▶ [REQUIREMENT]: In the records below, reproduce exactly the lines from the one containing "Ferry-Morse® Mixed Varieties" through the one containing "Best Mold Testing", both included, and omit the pictures.

*** EXERCISE INPUT Section Begins ***

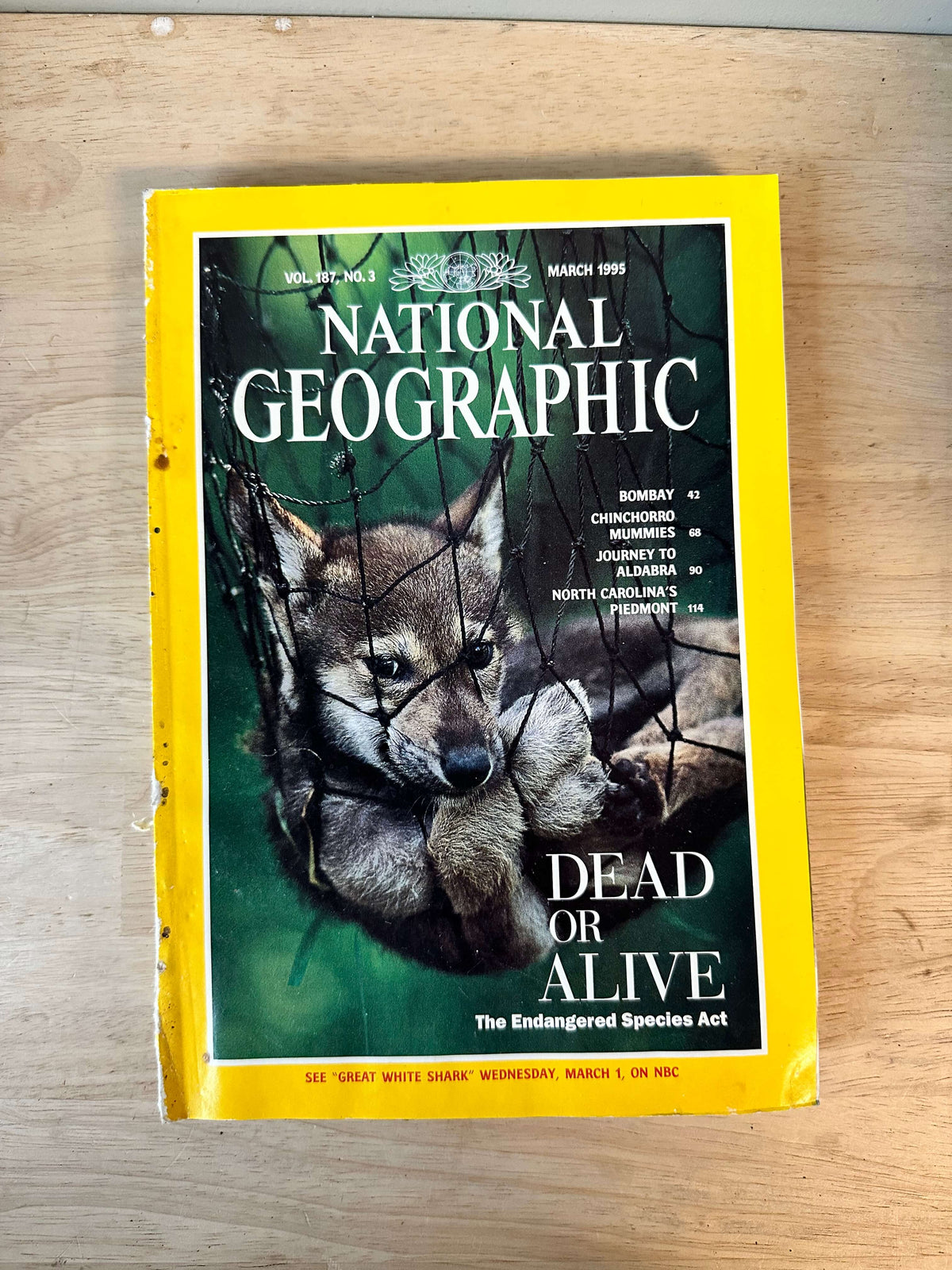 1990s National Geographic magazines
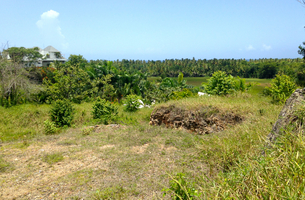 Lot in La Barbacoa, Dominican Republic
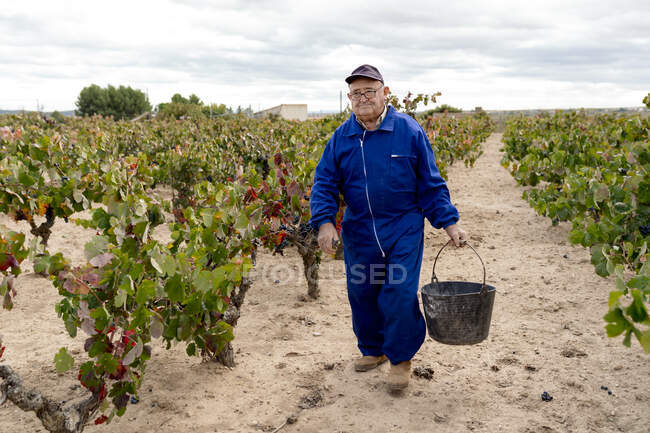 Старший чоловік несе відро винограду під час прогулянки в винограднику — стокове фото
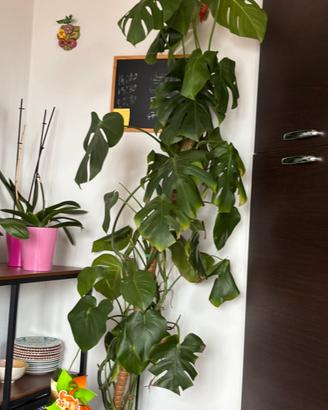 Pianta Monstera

*** EXERCISE INPUT Section Ends ***
*** EXERCISE INPUT Section Begins ***

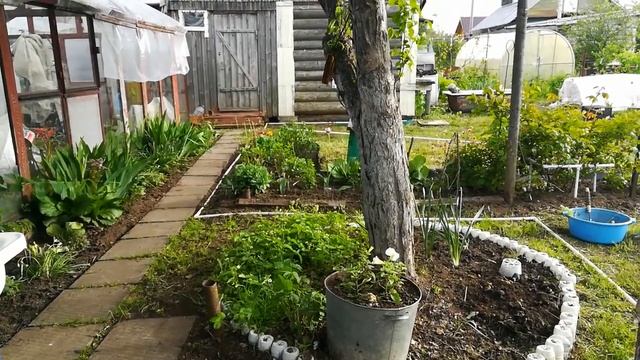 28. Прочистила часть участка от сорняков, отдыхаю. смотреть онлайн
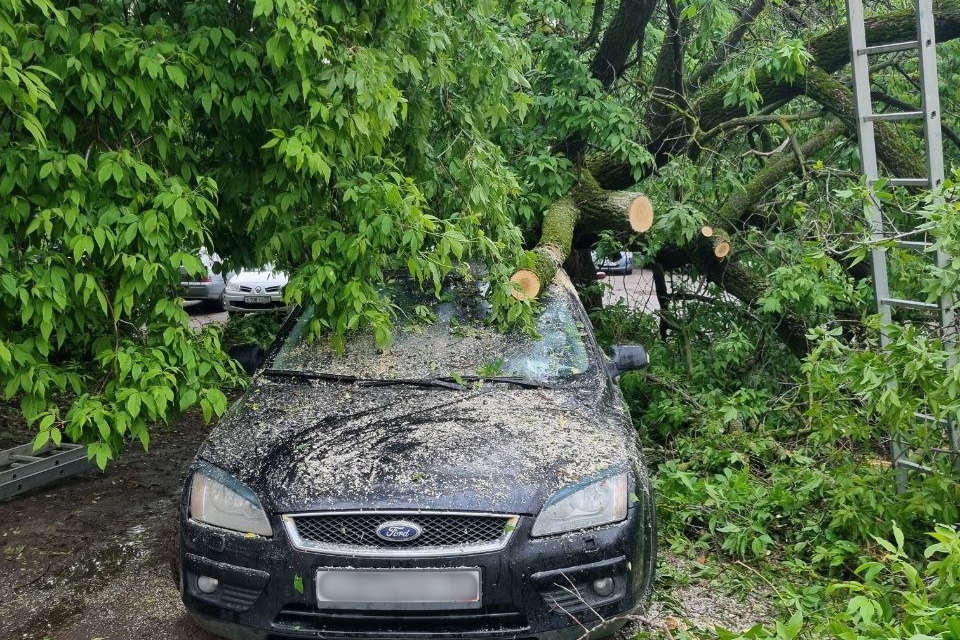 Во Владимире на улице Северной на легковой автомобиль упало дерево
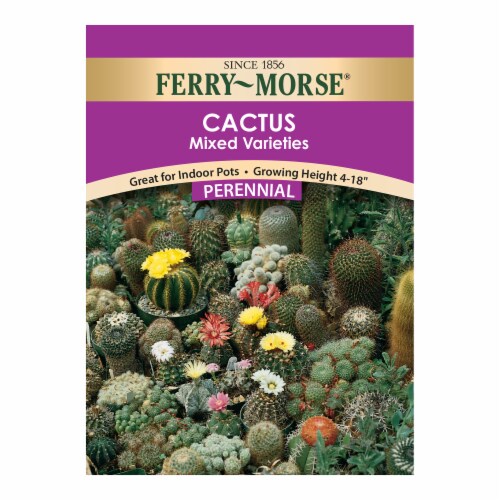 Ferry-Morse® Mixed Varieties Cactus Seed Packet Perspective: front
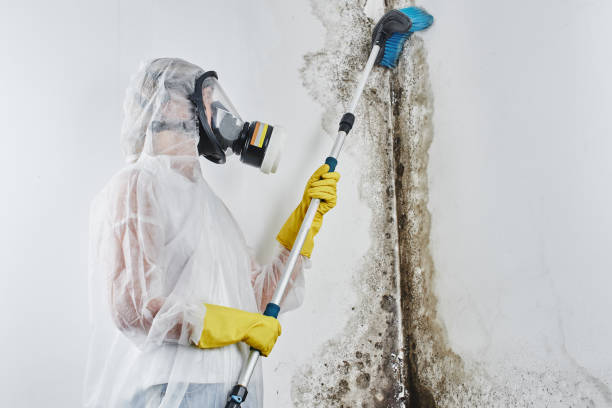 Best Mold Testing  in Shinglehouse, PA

*** EXERCISE INPUT Section Ends ***
*** EXERCISE INPUT Section Begins ***

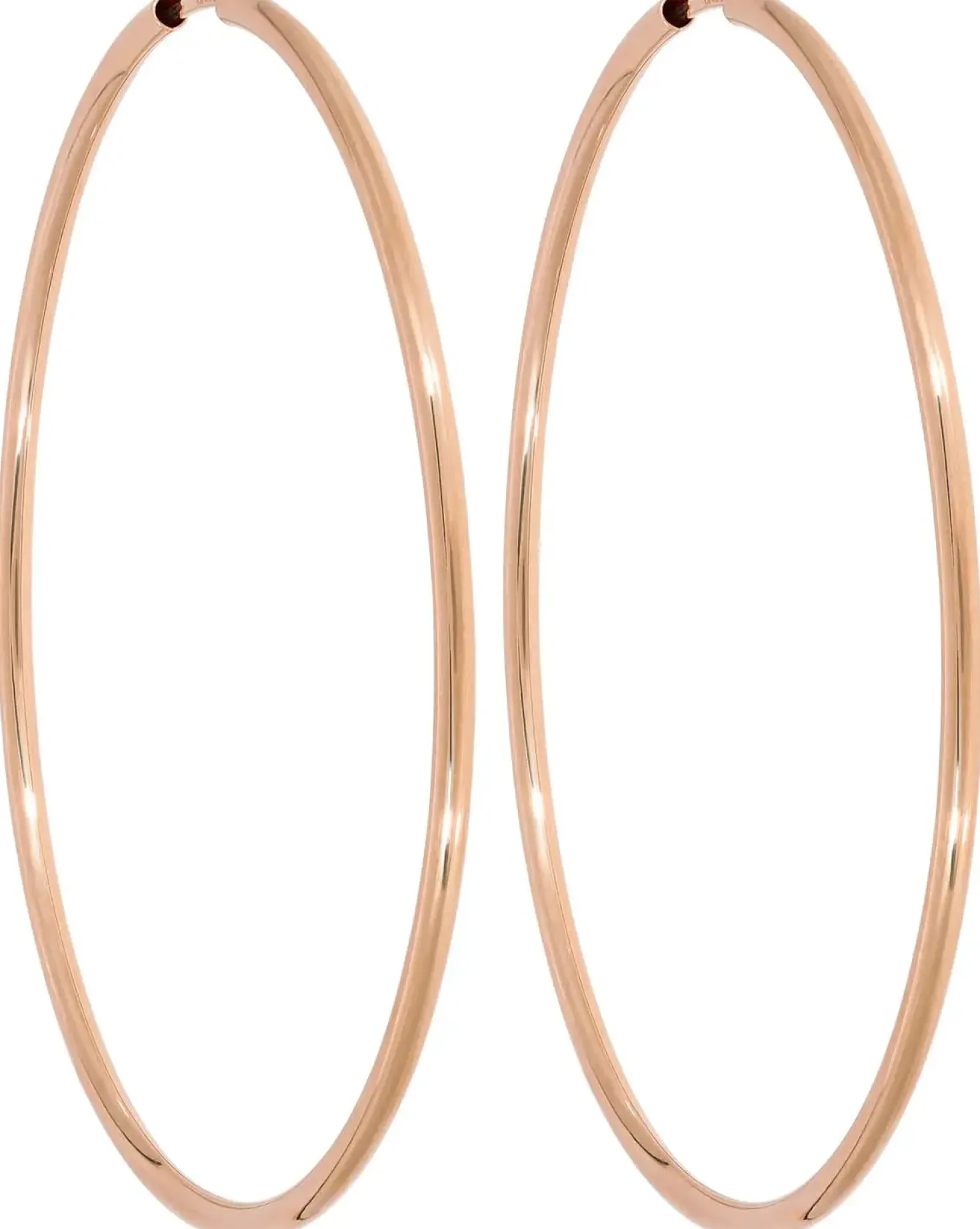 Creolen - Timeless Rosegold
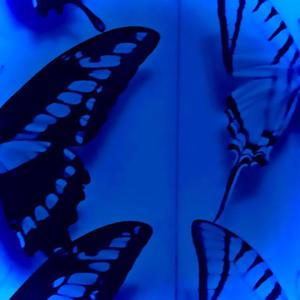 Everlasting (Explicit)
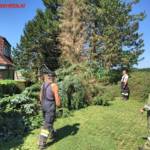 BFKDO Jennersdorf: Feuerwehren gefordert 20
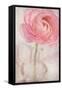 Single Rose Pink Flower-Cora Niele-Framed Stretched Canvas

*** EXERCISE INPUT Section Ends ***

▶ [ANSWER BOX]:
 Ferry-Morse® Mixed Varieties Cactus Seed Packet Perspective: front
 Best Mold Testing  in Shinglehouse, PA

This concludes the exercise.